Bolkiah also leads the Brunei Investment Agency which owns the Dorchester Collection, an operator of some of the world’s most elite hotels, including the Dorchester in London and the Beverly Hills Hotel in Los Angeles. Despite Dorchester’s attempt to separate itself from the inhumane criminal policies of Brunei, a movement among celebrities has started to boycott Dorchester hotels because of their clear financial connections to Bolkiah. It is unclear whether the pressure from a highly-visible coalition of wealthy, secular, Neoliberal personalities will be sufficient to convince Brunei’s government to change course.
Brunei’s lack of transparency has made independent monitoring of human rights in the country difficult. It has had the death penalty in place since British colonization but has not carried out an execution since 1957, leading Amnesty International to declare the penalty “abolitionist in practice.” And while many citizens are fearful of the enforcement of the new penal code, there is suspicion that the new criminal penalties are a bluff designed to attract more investment from conservative Muslim markets. For example, the laws stipulate that acts of anal sex or adultery must be witnessed by four Muslim adults in order to be prosecuted. Still, gay dating in Brunei has reportedly come to a grinding halt, with people fearing entrapment by policemen pretending to be gay. Any enforcement of these laws, no matter how rare, would be devastating for human rights in the country and in violation of international law.

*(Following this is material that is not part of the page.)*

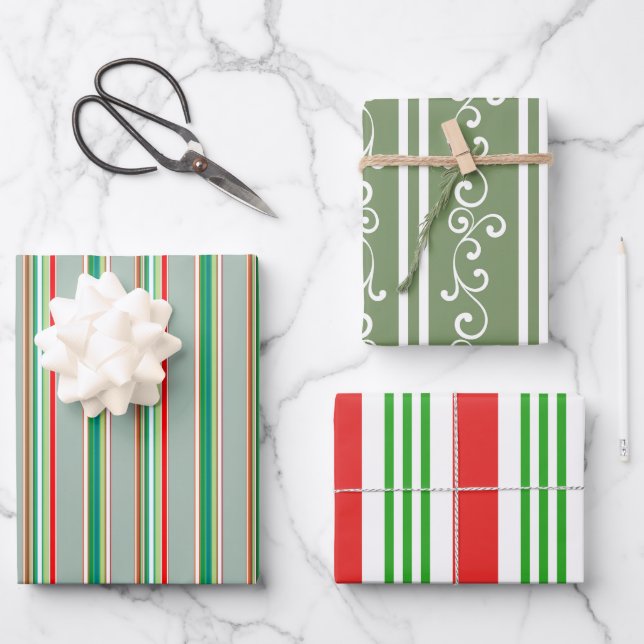Elegant Festive Red Green Striped Holiday Wrapping Paper Sheet (Front)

The newly enacted penal code, according to Human Rights Watch, “is discriminatory on its face” and violates Brunei’s obligations under international human rights law, including the rights to “life, freedom from torture and other ill-treatment, expression, religion, privacy, and individual autonomy.”

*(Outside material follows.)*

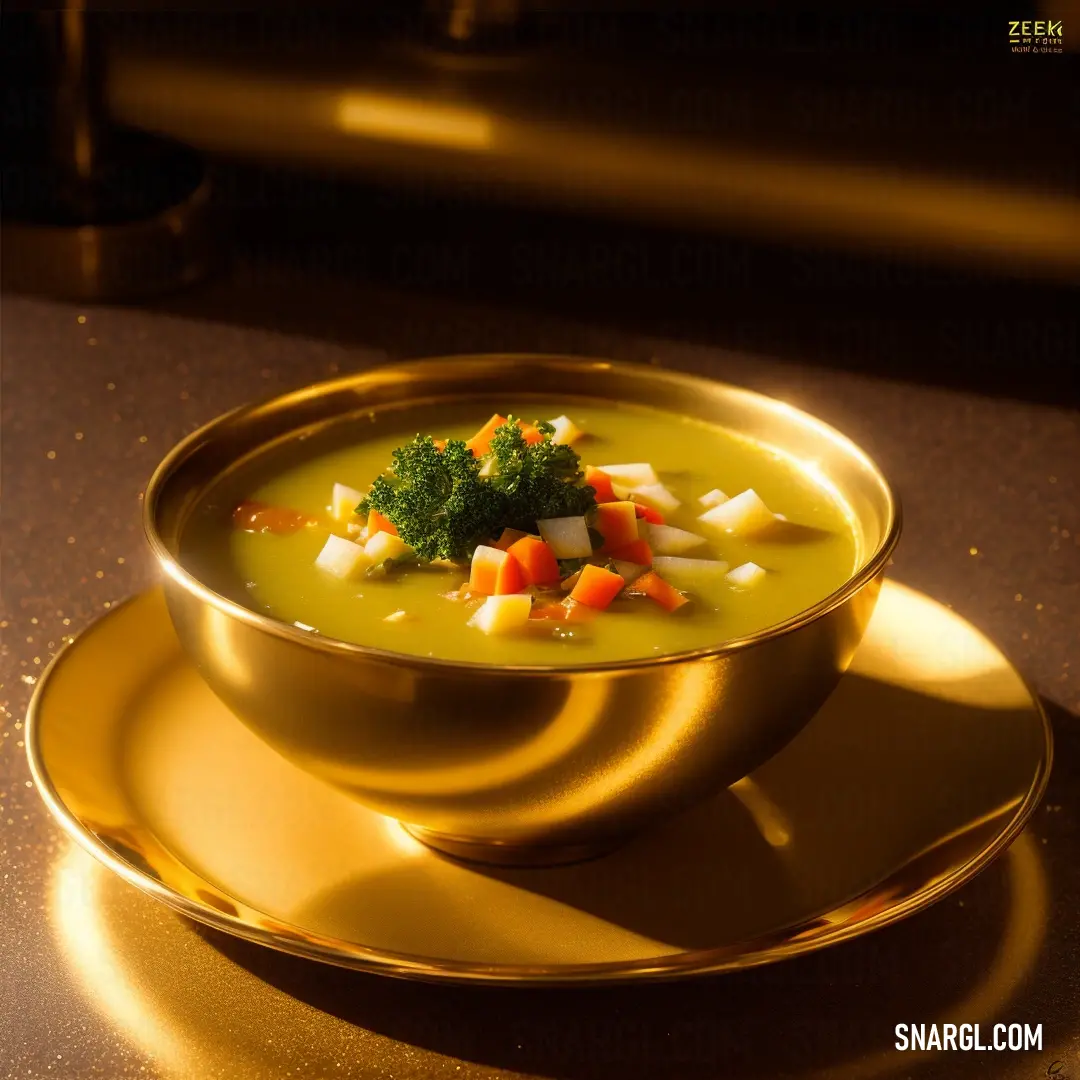 Bowl of soup with vegetables on a gold plate on a table top with a gold plate underneath it. Color CMYK 0,97,71,66.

Brunei’s draconian punishments against women and children violate treaties to which Brunei is party, such as the Convention on the Rights of the Child and the Convention on the Elimination of all Forms of Discrimination Against Women. The use of stoning and amputation in the penal system violates binding customary international law’s absolute prohibition of all forms of torture, and other cruel, inhuman, or degrading treatment or punishment. Brunei’s proposed use of the death penalty for “offenses” such as adultery and homosexuality is a form of arbitrary deprivation of life that violates Brunei’s international legal obligations as described by the United Nations Human Rights Committee’s General Comment No. 36, which states that “under no circumstances can the death penalty ever be applied as a sanction against conduct” that is protected by international law.
In addition to new criminal laws dealing with sex and gender, Brunei has invoked the death penalty for “insult or defamation of the Prophet Mohammad” by both Muslims and non-Muslims, which (along with the other new capital punishment crimes) violates the international principle that the death penalty should be reserved for only “the most serious crimes,” such as those involving intentional killing. Additionally, the criminalization of both Muslims and non-Muslims for “printing, disseminating, importing, broadcasting, and distributing publications against Islamic beliefs,” Brunei violates the rights to freedom of expression and religion.
The United States, Britain, France, Germany, the United Nations, and several human rights advocacy organizations have joined in condemning the new penalties in Brunei. So far, no sanctions, divestments, or legal challenges have been implemented. China, Singapore, Malaysia, the United States, the United Kingdom, and Germany (respectively) remain Brunei’s largest trading partners, making billions of dollars on exports to the country every year. If Brunei is making these changes to increase their foreign investments, maybe these countries should put their money where their outrage is.